• [Work to be completed]: Repeat everything in the listing below. Keep each line exact.

╭─ Exercise data

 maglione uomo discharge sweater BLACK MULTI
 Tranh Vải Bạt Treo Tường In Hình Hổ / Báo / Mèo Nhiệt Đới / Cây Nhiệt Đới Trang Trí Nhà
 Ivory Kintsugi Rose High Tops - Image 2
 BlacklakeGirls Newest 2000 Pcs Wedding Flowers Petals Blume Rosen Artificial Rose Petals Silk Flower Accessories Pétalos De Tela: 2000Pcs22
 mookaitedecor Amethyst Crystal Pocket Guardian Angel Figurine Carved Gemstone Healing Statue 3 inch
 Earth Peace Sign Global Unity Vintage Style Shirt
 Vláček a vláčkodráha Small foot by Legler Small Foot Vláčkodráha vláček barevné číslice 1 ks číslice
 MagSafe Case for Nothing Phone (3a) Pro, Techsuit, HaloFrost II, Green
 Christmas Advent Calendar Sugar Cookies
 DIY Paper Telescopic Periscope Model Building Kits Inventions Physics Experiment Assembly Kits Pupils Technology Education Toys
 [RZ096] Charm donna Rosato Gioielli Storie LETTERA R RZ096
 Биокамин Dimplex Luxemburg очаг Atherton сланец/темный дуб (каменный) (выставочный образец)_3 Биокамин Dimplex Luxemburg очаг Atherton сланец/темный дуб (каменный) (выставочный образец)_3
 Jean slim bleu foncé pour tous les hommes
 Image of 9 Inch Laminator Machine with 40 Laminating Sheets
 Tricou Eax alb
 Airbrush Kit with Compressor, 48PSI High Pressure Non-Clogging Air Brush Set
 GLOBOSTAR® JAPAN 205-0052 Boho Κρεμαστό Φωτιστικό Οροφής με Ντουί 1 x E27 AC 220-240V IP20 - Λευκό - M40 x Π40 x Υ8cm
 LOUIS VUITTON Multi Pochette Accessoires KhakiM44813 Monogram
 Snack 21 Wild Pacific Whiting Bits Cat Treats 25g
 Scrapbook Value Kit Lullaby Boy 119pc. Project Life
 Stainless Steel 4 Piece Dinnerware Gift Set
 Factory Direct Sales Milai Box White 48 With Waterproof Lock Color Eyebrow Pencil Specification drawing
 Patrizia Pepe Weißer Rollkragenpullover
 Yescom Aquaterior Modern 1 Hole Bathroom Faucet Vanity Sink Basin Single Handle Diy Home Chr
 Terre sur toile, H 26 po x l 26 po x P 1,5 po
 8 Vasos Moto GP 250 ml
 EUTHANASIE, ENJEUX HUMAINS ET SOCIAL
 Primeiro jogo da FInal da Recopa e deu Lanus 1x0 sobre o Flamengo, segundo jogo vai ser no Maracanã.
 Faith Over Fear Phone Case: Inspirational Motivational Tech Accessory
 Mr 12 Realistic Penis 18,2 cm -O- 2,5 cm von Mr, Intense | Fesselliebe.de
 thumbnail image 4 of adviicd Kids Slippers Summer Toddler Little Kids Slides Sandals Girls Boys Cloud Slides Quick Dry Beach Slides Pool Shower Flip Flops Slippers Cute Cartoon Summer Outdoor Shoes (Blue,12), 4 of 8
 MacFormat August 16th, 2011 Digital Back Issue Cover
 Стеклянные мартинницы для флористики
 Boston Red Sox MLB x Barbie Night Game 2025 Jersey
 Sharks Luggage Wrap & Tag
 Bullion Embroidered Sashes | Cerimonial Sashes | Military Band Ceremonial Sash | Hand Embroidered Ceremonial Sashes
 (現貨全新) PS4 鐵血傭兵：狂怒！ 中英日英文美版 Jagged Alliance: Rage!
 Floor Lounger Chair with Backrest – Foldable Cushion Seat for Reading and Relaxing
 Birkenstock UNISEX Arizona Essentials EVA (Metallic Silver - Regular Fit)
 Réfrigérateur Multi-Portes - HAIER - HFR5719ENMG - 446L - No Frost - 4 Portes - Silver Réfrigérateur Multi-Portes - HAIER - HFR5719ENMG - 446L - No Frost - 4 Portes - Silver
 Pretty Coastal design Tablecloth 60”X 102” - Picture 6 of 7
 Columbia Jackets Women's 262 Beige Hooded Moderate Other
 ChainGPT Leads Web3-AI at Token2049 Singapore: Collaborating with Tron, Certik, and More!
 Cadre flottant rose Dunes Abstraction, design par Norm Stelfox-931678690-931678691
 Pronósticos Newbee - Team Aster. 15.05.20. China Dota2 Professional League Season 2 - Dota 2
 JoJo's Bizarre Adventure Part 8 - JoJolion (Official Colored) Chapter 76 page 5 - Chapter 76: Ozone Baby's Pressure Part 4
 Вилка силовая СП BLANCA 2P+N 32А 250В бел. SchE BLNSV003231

╰─

• [Response to the task]:
 maglione uomo discharge sweater BLACK MULTI
 Tranh Vải Bạt Treo Tường In Hình Hổ / Báo / Mèo Nhiệt Đới / Cây Nhiệt Đới Trang Trí Nhà
 Ivory Kintsugi Rose High Tops - Image 2
 BlacklakeGirls Newest 2000 Pcs Wedding Flowers Petals Blume Rosen Artificial Rose Petals Silk Flower Accessories Pétalos De Tela: 2000Pcs22
 mookaitedecor Amethyst Crystal Pocket Guardian Angel Figurine Carved Gemstone Healing Statue 3 inch
 Earth Peace Sign Global Unity Vintage Style Shirt
 Vláček a vláčkodráha Small foot by Legler Small Foot Vláčkodráha vláček barevné číslice 1 ks číslice
 MagSafe Case for Nothing Phone (3a) Pro, Techsuit, HaloFrost II, Green
 Christmas Advent Calendar Sugar Cookies
 DIY Paper Telescopic Periscope Model Building Kits Inventions Physics Experiment Assembly Kits Pupils Technology Education Toys
 [RZ096] Charm donna Rosato Gioielli Storie LETTERA R RZ096
 Биокамин Dimplex Luxemburg очаг Atherton сланец/темный дуб (каменный) (выставочный образец)_3 Биокамин Dimplex Luxemburg очаг Atherton сланец/темный дуб (каменный) (выставочный образец)_3
 Jean slim bleu foncé pour tous les hommes
 Image of 9 Inch Laminator Machine with 40 Laminating Sheets
 Tricou Eax alb
 Airbrush Kit with Compressor, 48PSI High Pressure Non-Clogging Air Brush Set
 GLOBOSTAR® JAPAN 205-0052 Boho Κρεμαστό Φωτιστικό Οροφής με Ντουί 1 x E27 AC 220-240V IP20 - Λευκό - M40 x Π40 x Υ8cm
 LOUIS VUITTON Multi Pochette Accessoires KhakiM44813 Monogram
 Snack 21 Wild Pacific Whiting Bits Cat Treats 25g
 Scrapbook Value Kit Lullaby Boy 119pc. Project Life
 Stainless Steel 4 Piece Dinnerware Gift Set
 Factory Direct Sales Milai Box White 48 With Waterproof Lock Color Eyebrow Pencil Specification drawing
 Patrizia Pepe Weißer Rollkragenpullover
 Yescom Aquaterior Modern 1 Hole Bathroom Faucet Vanity Sink Basin Single Handle Diy Home Chr
 Terre sur toile, H 26 po x l 26 po x P 1,5 po
 8 Vasos Moto GP 250 ml
 EUTHANASIE, ENJEUX HUMAINS ET SOCIAL
 Primeiro jogo da FInal da Recopa e deu Lanus 1x0 sobre o Flamengo, segundo jogo vai ser no Maracanã.
 Faith Over Fear Phone Case: Inspirational Motivational Tech Accessory
 Mr 12 Realistic Penis 18,2 cm -O- 2,5 cm von Mr, Intense | Fesselliebe.de
 thumbnail image 4 of adviicd Kids Slippers Summer Toddler Little Kids Slides Sandals Girls Boys Cloud Slides Quick Dry Beach Slides Pool Shower Flip Flops Slippers Cute Cartoon Summer Outdoor Shoes (Blue,12), 4 of 8
 MacFormat August 16th, 2011 Digital Back Issue Cover
 Стеклянные мартинницы для флористики
 Boston Red Sox MLB x Barbie Night Game 2025 Jersey
 Sharks Luggage Wrap & Tag
 Bullion Embroidered Sashes | Cerimonial Sashes | Military Band Ceremonial Sash | Hand Embroidered Ceremonial Sashes
 (現貨全新) PS4 鐵血傭兵：狂怒！ 中英日英文美版 Jagged Alliance: Rage!
 Floor Lounger Chair with Backrest – Foldable Cushion Seat for Reading and Relaxing
 Birkenstock UNISEX Arizona Essentials EVA (Metallic Silver - Regular Fit)
 Réfrigérateur Multi-Portes - HAIER - HFR5719ENMG - 446L - No Frost - 4 Portes - Silver Réfrigérateur Multi-Portes - HAIER - HFR5719ENMG - 446L - No Frost - 4 Portes - Silver
 Pretty Coastal design Tablecloth 60”X 102” - Picture 6 of 7
 Columbia Jackets Women's 262 Beige Hooded Moderate Other
 ChainGPT Leads Web3-AI at Token2049 Singapore: Collaborating with Tron, Certik, and More!
 Cadre flottant rose Dunes Abstraction, design par Norm Stelfox-931678690-931678691
 Pronósticos Newbee - Team Aster. 15.05.20. China Dota2 Professional League Season 2 - Dota 2
 JoJo's Bizarre Adventure Part 8 - JoJolion (Official Colored) Chapter 76 page 5 - Chapter 76: Ozone Baby's Pressure Part 4
 Вилка силовая СП BLANCA 2P+N 32А 250В бел. SchE BLNSV003231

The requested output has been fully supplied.